# [WHAT TO PRODUCE]
Leaving out the images, return the data below exactly as it is written.

# [THE DATA]
# # # #

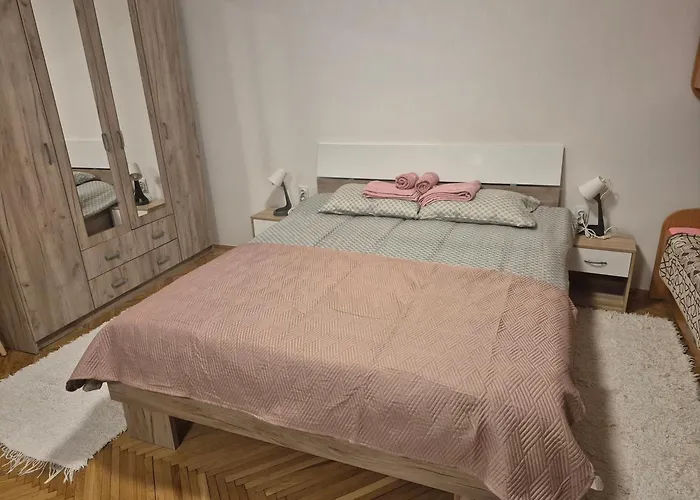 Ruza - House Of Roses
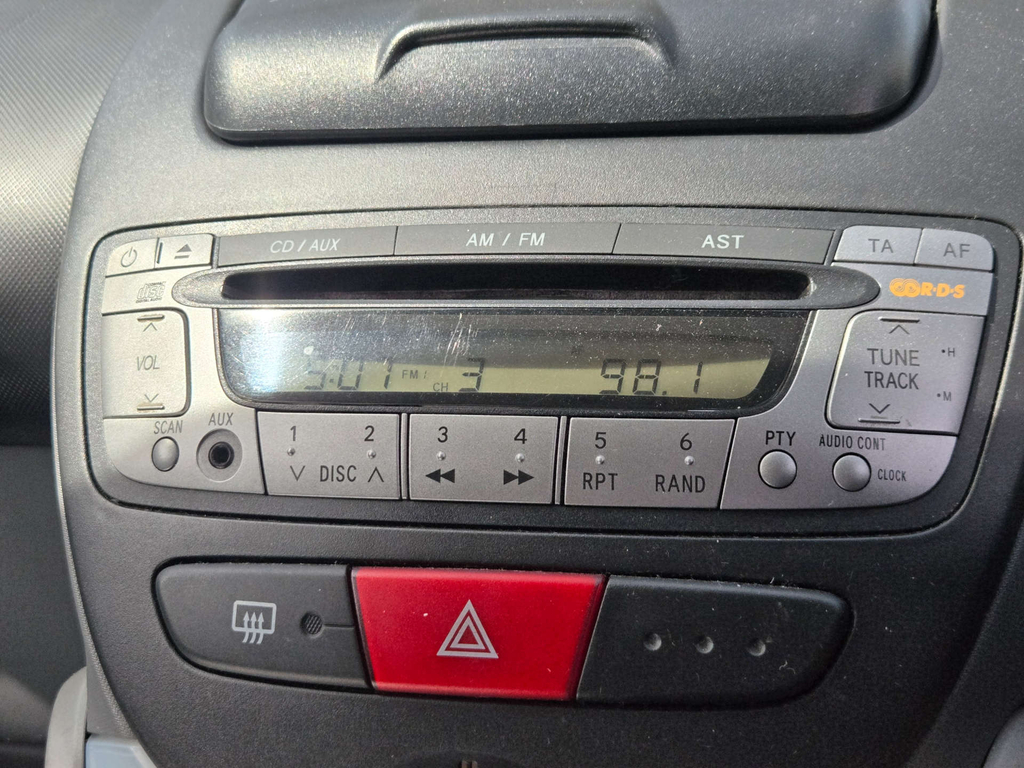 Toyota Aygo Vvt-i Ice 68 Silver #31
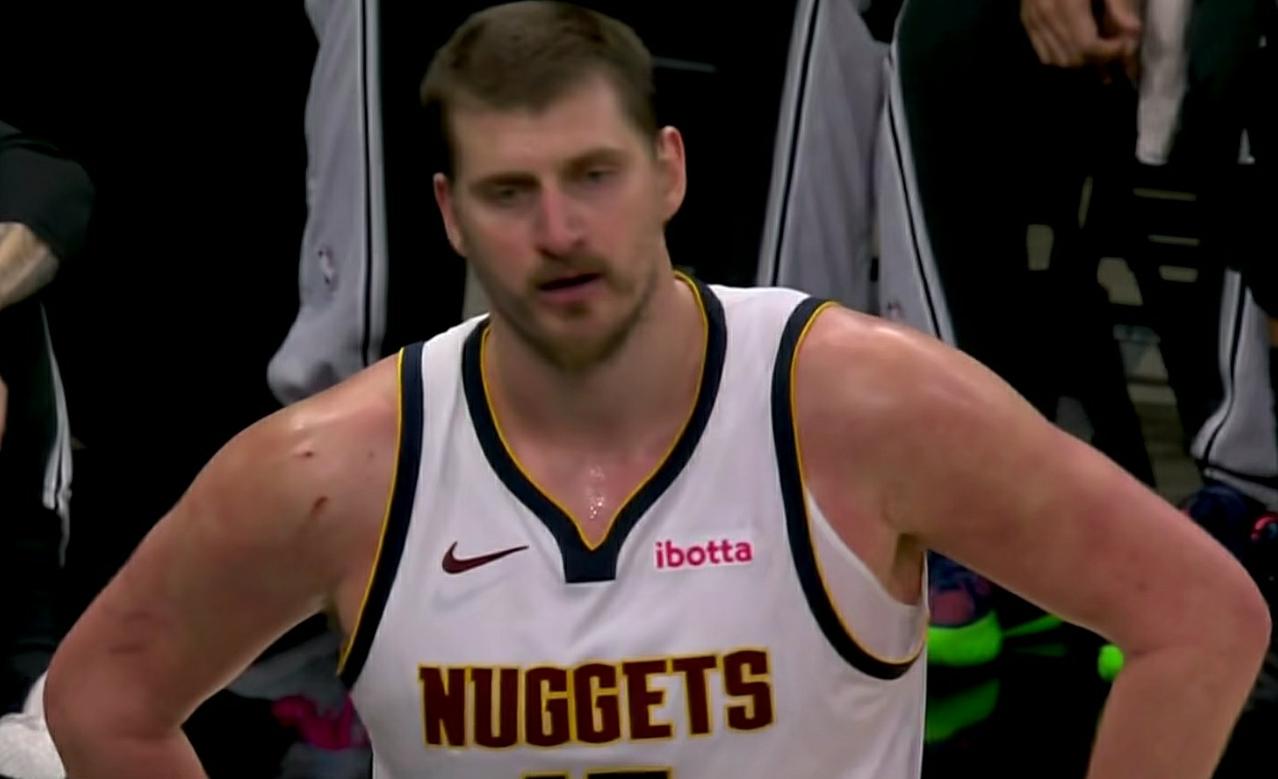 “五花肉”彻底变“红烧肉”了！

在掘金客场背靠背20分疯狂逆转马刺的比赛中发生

# # # #

# [TASK OUTPUT]
 Ruza - House Of Roses
 Toyota Aygo Vvt-i Ice 68 Silver #31
 “五花肉”彻底变“红烧肉”了！

在掘金客场背靠背20分疯狂逆转马刺的比赛中发生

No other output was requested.